Partitioning & Sharding: Concept
Module: Schema Design & Advanced DDL
Partitioning splits a large table into smaller pieces (partitions) within the same database. Each partition is a separate physical table, but you query them as one logical table.
Sharding splits data across multiple databases (shards). Each shard is an independent database on a separate server.
Think of it this way:
- Partitioning = splitting a filing cabinet into drawers (same cabinet, organized sections)
- Sharding = splitting files across multiple filing cabinets (different locations)
Partitioning improves performance on a single server. Sharding enables horizontal scaling across multiple servers.
## Partitioning: Splitting Tables Within One Database
Three main types:
**1. Range Partitioning** - Split by value ranges (dates, IDs)
Most common. Perfect for time-series data.
**2. List Partitioning** - Split by specific values (regions, categories)
Good for categorical data with known values.
**3. Hash Partitioning** - Split by hash function (even distribution)
Good for uniform distribution when no natural partition key.
Partition pruning: Database automatically skips irrelevant partitions based on WHERE clause. This is the main performance benefit.
## Sharding: Splitting Data Across Multiple Databases
Horizontal partitioning across servers. Each shard is independent database.
Common strategies:
- Range-based: User IDs 1-10M on shard 1, 10M-20M on shard 2
- Hash-based: hash(user_id) % num_shards determines shard
- Geographic: US users on US shard, EU users on EU shard
- Entity-based: Each customer gets their own shard (multi-tenant)
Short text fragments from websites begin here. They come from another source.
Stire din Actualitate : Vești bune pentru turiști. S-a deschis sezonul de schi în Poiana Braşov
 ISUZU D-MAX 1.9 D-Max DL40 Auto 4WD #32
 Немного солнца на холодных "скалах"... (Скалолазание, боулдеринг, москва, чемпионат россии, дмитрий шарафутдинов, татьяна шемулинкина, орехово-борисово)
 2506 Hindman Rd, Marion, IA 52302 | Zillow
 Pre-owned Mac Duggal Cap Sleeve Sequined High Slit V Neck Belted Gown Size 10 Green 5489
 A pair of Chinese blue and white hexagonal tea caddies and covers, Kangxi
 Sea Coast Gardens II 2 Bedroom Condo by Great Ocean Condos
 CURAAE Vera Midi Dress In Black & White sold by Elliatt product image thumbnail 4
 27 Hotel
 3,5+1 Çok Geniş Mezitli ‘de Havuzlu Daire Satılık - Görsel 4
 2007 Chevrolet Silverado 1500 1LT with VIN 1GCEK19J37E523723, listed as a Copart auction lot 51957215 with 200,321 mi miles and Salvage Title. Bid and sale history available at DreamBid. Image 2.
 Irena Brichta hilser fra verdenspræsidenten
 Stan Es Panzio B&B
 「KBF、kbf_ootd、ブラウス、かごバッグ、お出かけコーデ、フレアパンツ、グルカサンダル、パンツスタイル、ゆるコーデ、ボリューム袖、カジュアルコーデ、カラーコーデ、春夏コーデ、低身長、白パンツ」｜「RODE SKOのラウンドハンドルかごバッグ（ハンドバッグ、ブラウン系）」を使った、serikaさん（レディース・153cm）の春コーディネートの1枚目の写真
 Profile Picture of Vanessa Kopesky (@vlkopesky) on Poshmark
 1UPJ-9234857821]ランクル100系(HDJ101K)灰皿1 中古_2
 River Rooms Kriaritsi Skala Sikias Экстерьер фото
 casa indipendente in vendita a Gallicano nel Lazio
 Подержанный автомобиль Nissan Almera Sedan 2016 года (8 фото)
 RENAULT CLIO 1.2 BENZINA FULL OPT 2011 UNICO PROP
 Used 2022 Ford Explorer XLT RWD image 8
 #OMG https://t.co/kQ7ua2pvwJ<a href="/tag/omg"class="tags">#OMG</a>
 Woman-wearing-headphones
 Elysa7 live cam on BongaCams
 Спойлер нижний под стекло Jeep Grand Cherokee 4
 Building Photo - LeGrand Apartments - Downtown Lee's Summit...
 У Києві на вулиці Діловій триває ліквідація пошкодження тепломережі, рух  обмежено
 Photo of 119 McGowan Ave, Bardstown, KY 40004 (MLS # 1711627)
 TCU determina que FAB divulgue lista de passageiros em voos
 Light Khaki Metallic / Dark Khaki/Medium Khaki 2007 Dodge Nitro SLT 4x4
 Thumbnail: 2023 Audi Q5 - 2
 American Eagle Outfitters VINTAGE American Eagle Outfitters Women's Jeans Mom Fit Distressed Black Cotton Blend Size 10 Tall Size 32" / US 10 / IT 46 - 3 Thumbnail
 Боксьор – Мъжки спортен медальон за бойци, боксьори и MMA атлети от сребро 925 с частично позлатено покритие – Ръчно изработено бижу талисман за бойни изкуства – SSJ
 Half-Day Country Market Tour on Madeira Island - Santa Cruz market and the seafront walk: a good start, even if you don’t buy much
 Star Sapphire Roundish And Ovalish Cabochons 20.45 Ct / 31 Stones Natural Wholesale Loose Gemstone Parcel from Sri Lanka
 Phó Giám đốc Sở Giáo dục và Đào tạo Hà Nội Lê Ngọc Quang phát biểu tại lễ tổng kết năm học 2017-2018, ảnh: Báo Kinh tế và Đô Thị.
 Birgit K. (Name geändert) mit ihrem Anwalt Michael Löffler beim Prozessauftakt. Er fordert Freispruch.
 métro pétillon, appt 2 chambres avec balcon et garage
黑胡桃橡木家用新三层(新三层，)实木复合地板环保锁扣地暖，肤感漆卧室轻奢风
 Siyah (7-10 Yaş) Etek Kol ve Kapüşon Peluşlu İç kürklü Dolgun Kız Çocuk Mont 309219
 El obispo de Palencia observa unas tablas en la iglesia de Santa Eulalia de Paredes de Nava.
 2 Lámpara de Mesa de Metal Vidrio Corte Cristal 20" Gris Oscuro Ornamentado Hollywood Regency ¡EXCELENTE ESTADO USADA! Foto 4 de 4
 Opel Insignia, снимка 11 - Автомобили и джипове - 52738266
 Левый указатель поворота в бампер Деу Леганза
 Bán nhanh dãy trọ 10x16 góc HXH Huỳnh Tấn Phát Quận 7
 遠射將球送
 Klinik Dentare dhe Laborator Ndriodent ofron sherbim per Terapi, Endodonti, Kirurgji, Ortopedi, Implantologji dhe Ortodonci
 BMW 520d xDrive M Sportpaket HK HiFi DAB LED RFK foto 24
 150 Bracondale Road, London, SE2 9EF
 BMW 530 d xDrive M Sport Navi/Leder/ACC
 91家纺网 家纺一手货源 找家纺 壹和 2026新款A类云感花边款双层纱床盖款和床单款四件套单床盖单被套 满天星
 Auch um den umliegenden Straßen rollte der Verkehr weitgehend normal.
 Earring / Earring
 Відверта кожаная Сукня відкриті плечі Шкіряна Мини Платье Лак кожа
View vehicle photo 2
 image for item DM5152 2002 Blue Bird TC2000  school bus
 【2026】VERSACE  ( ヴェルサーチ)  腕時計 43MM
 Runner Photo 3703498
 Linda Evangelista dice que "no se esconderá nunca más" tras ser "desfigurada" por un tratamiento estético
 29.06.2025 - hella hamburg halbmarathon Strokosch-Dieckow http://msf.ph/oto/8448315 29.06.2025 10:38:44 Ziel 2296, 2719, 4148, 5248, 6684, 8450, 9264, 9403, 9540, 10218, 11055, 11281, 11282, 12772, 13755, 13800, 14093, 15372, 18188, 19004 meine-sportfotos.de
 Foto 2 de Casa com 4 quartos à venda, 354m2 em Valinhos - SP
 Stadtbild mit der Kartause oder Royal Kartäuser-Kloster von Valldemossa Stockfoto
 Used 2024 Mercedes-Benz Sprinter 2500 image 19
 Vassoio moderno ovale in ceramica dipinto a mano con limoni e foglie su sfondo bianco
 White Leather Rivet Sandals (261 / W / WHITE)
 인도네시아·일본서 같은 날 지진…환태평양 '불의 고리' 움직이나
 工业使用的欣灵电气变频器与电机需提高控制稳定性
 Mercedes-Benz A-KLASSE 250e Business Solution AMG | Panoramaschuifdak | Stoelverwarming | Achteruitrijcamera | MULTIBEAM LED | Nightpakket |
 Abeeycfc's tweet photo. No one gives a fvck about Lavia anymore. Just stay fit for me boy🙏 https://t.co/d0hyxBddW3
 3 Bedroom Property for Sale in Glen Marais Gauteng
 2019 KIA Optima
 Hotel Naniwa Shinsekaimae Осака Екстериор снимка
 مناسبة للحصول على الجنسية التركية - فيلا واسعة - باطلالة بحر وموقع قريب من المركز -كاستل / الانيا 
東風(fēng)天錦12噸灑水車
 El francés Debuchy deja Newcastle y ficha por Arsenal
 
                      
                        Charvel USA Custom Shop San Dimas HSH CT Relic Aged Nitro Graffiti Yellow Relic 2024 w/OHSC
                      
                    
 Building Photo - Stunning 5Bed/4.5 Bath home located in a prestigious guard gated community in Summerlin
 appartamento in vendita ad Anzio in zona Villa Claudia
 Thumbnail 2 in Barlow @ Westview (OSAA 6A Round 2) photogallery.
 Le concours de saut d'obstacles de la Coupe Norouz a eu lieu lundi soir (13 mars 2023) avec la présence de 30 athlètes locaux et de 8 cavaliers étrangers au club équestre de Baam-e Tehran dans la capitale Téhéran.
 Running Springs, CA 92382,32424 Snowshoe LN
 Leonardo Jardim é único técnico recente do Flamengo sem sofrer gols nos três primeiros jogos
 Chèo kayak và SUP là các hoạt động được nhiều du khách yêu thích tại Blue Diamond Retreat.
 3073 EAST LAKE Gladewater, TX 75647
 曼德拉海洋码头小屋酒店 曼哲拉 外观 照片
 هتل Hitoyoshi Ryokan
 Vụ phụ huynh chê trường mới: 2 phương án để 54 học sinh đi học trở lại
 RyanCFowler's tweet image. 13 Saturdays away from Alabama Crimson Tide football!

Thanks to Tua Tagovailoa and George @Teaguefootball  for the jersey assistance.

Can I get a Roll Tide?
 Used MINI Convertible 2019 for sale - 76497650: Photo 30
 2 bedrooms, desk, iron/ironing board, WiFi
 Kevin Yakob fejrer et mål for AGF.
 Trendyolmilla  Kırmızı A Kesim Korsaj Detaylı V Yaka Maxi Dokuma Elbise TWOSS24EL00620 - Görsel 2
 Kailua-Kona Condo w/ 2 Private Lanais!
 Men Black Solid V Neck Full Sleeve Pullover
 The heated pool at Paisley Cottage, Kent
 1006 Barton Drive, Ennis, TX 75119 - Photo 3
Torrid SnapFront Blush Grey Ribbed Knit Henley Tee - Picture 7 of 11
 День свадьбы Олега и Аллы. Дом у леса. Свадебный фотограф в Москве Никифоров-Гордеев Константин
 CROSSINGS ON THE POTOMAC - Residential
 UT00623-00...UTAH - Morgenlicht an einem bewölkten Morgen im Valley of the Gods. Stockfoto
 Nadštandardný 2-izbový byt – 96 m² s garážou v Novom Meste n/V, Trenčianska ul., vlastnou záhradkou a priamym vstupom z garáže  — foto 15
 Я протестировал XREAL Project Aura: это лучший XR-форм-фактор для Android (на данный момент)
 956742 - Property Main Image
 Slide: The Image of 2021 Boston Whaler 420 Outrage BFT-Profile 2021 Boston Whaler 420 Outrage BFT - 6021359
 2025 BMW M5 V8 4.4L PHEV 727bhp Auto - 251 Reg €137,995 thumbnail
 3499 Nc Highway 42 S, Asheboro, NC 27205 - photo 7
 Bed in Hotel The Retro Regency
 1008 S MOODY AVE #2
Challenges: Cross-shard queries, distributed transactions, rebalancing, complexity.
Every company with large datasets uses partitioning. It's the standard solution for tables over 100 million rows.
Sharding is for massive scale. Instagram, Discord, Uber, and Twitter all shard their databases. It's complex but necessary when a single database can't handle the load.
In interviews, understanding when to partition vs shard shows you know production systems. Junior developers think "just add an index." Senior engineers know when you need partitioning (single server optimization) vs sharding (multi-server scaling).
You have an orders table with 500 million rows. Queries scanning the full table take 2 minutes. Indexes are 50GB. Backups take 8 hours. Archiving old data requires locking the entire table.
After partitioning by year, queries with date filters only scan relevant partitions. A query for 2024 orders scans 50 million rows instead of 500 million. Query time drops from 2 minutes to 10 seconds (12x faster). Each partition has its own 5GB index. You can archive 2020 data by dropping a partition in 1 second instead of deleting 100 million rows.
This is partitioning: splitting one large table into smaller, manageable pieces within the same database.
Sharding is different. When Instagram hit 1 billion users, a single database couldn't handle the load. They sharded users across 100 databases. User IDs 1-10M go to shard 1, 10M-20M to shard 2, etc. Each database handles 10 million users. Queries are fast because each shard is small. The system scales horizontally by adding more shards.